---------- PROVIDED DATA

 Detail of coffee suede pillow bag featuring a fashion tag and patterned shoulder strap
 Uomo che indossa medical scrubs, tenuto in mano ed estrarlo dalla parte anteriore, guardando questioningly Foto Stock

--------------------
---------- PROVIDED DATA

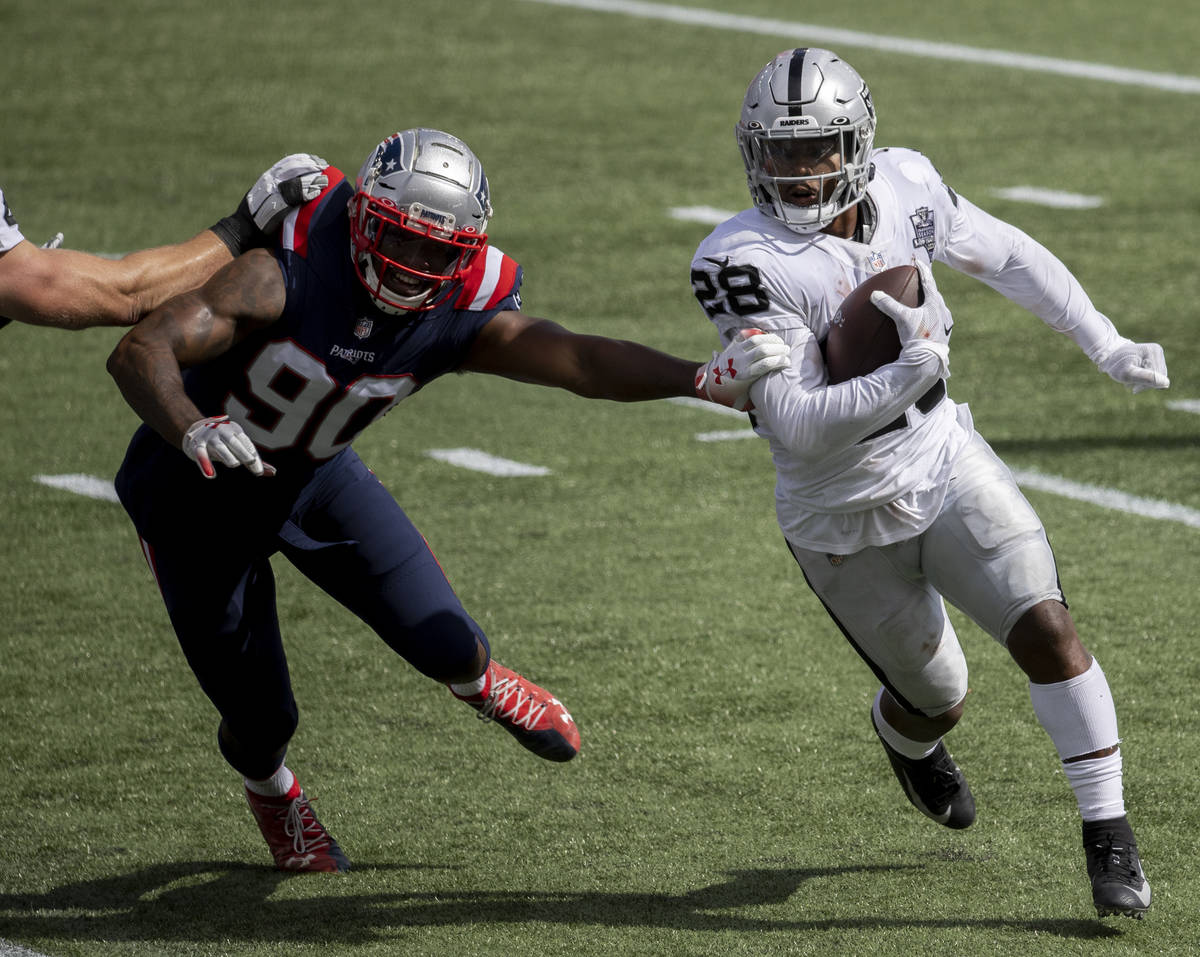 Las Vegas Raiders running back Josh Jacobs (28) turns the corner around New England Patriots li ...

--------------------
---------- PROVIDED DATA

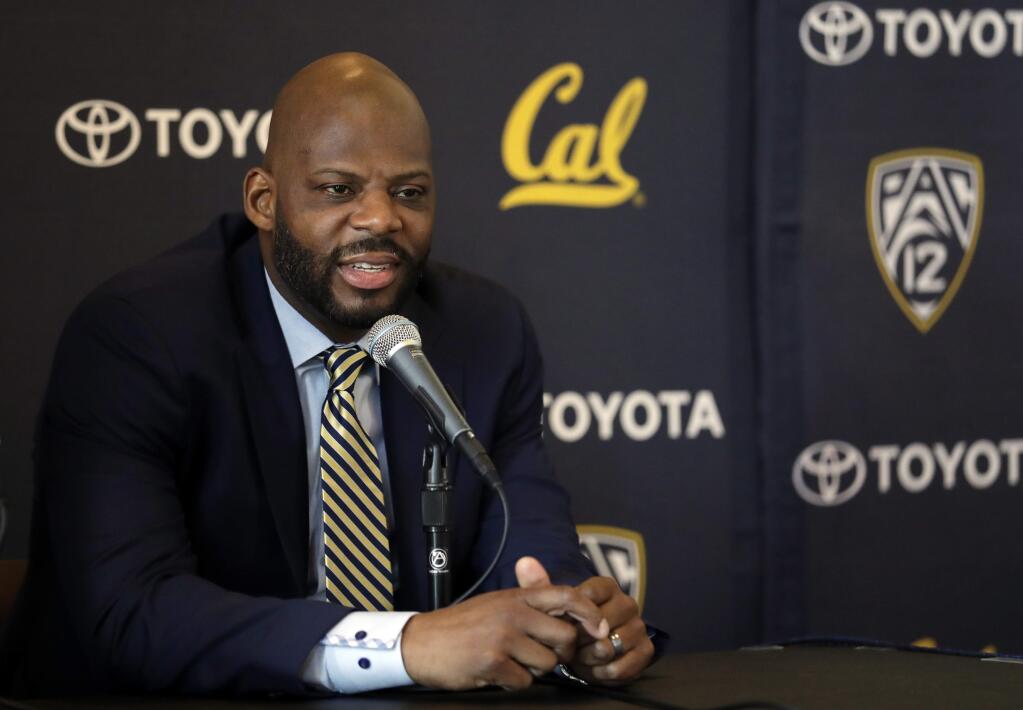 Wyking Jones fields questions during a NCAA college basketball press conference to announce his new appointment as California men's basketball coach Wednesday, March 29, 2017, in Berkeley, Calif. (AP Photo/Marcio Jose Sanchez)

--------------------

▸ **WHAT NEEDS TO BE DONE**
All lines in the data above from the one with "Detail of coffee" through the one with "Uomo che indossa" must be repeated exactly, and no others.

▸ **WORKED SOLUTION**
 Detail of coffee suede pillow bag featuring a fashion tag and patterned shoulder strap
 Uomo che indossa medical scrubs, tenuto in mano ed estrarlo dalla parte anteriore, guardando questioningly Foto Stock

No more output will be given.